Owners of abandoned homes in North Bergen may have to forfeit their property if an ordinance introduced at the last Board of Commissioners meeting is adopted.
“It’s been a recurring problem in many parts of North Bergen,” said Mayor Nicholas Sacco at the April 13 meeting. “We even had a case where [an abandoned] building at Columbia Park burned down and someone inside was sleeping.”
Over the last six months, Township Administrator Christopher Pianese said he took a hard look at actions the township could take against some of these homes. He found an ordinance adopted by the city of Hackensack which falls under the Abandoned Property Rehabilitation Act of New Jersey.
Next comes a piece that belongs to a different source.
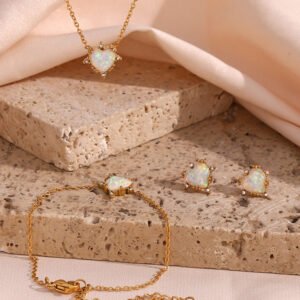Heart Opal Bracelet Earring Set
‘Now we have to refund taxes, they’re not even paying taxes on the property, we lose the ratable, and we’re not even getting a tunnel out of it.’ – Christopher Pianese
“There was never really any leverage to deal with the bigger issue, which is the property itself and the direction it is going,” said Pianese.
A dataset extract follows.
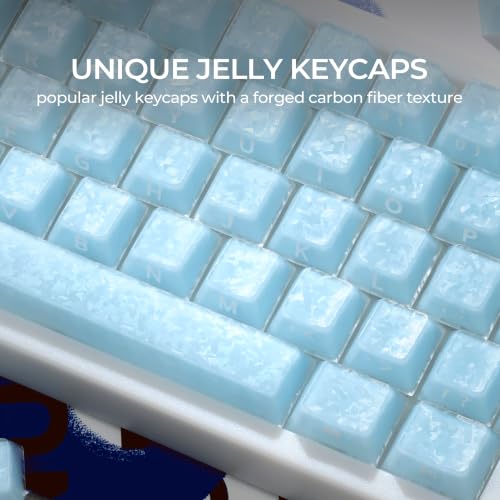 Image of GMKWTL XVX Frost Jelly Keycaps, Forged Carbon-Look Keyboard Keycaps, Cherry Profile 126 Keys Keycap Sets for Mechanical Keyboard with MX Switches(Blue)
The ordinance will be up for public hearing and adoption on April 27 at 11 a.m.
If passed, homeowners who do not rehabilitate their properties could have them taken away by the township.
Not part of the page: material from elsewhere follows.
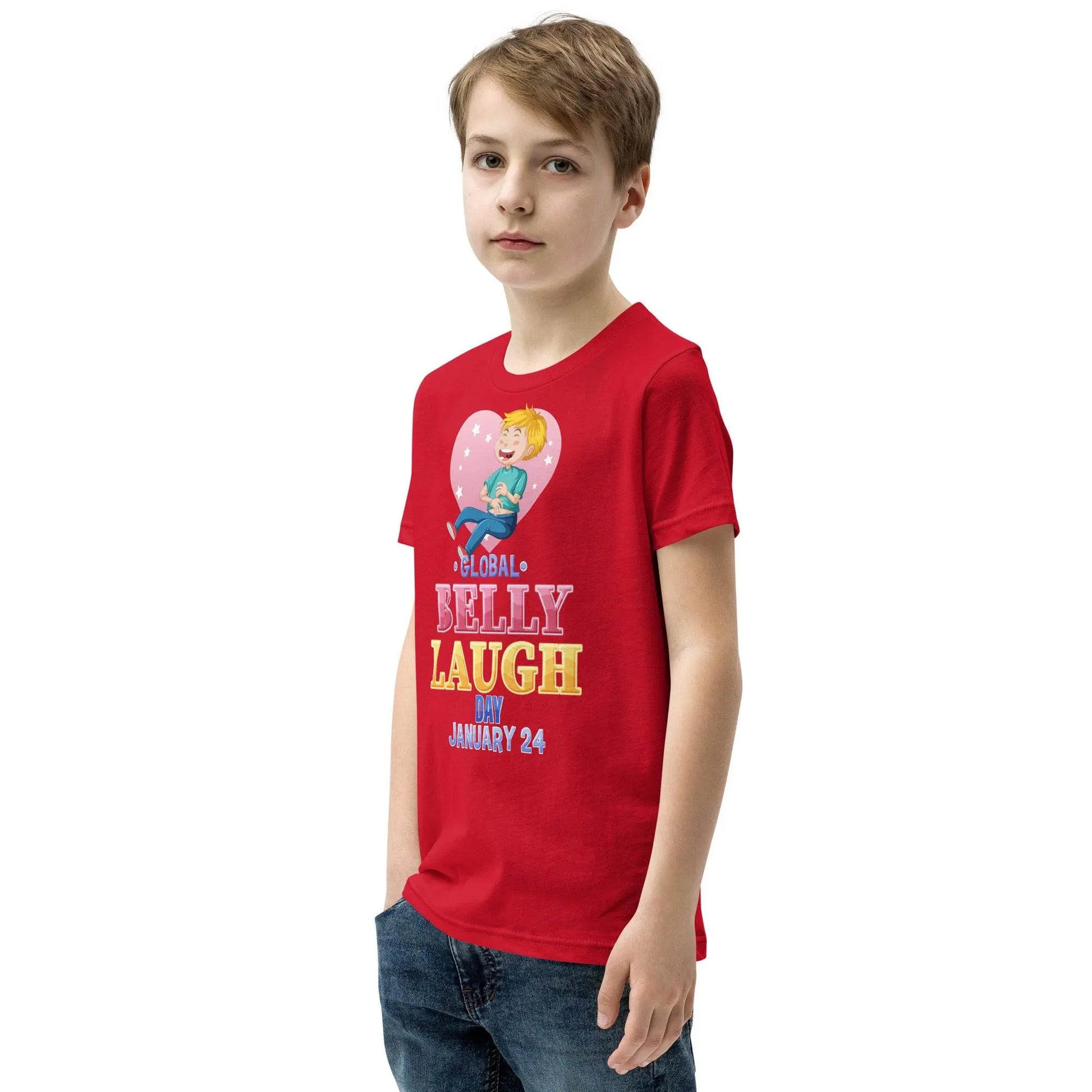 Belly Laugh Youth Short Sleeve Three Red T-Shirt - IVORYNN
Absentee owners could lose houses
Sacco said there were around ten properties that might fit the ordinance’s qualifications.
Properties that are vacant, have a risk of fire, are found unfit for human habitation, are subject to unauthorized entry, have vermin present, or have a dilapidated appearance among other conditions would be affected if the ordinance is passed.
The owners of these properties and any lien holders or others with a financial interest in that building would be notified that they have 60 days to submit a “plan of action” for remedying the problem and that if they do not do so, the township will do the necessary work.
If the property owner does not reimburse North Bergen for the work done by a specific deadline, the township may go to court, forfeit the bond or loan for the work completed, and by doing so take ownership of the property.
After doing this, the municipality may sell the property or own it.
Township lost ratables on failed ARC Tunnel
Through two separate ordinances, the commissioners approved 2010 tax refunds to NJ Transit on two properties the transit company purchased for the Access to the Regions Core tunnel.
The tunnel was cancelled last year and $20,928 in taxes NJ Transit paid before their tax exemption was in effect are owed.
“Now we have to refund taxes, they’re not even paying taxes on the property, we lose the ratable, and we’re not even getting a tunnel out of it,” said Pianese.
Sacco said that if a prospective Amtrak tunnel follows the same route the ARC was planned for, NJ Transit might keep the property, and North Bergen will continue to receive “nothing.”
UEZ renewal, just in case…
Although the future of the Urban Enterprise Zone (UEZ) program under the Christie Administration is unknown, the commissioners renewed their UEZ status through a resolution at the meeting.
Mayor Sacco can now enter into a contract with the state of New Jersey to extend North Bergen’s UEZ designation while the fate of the program is determined in Trenton.
Since the township has had a UEZ for 15 years, under state regulations they must renew their status, which can only be extended on a one-time basis for a period of 16 years.
The program allowed businesses in urban areas to charge reduced sales tax (3.5 percent) to attract customers. A portion of those funds was returned from the state to the municipality to clean up blighted areas, and pay salaries for police protection and maintenance of the zone.
More street lights in town
Through four resolutions, commissioners approved installing street lights on 73rd Street, 82nd Street, Newkirk Avenue, four on Bergen Turnpike, and seven separate ones on 28th Street.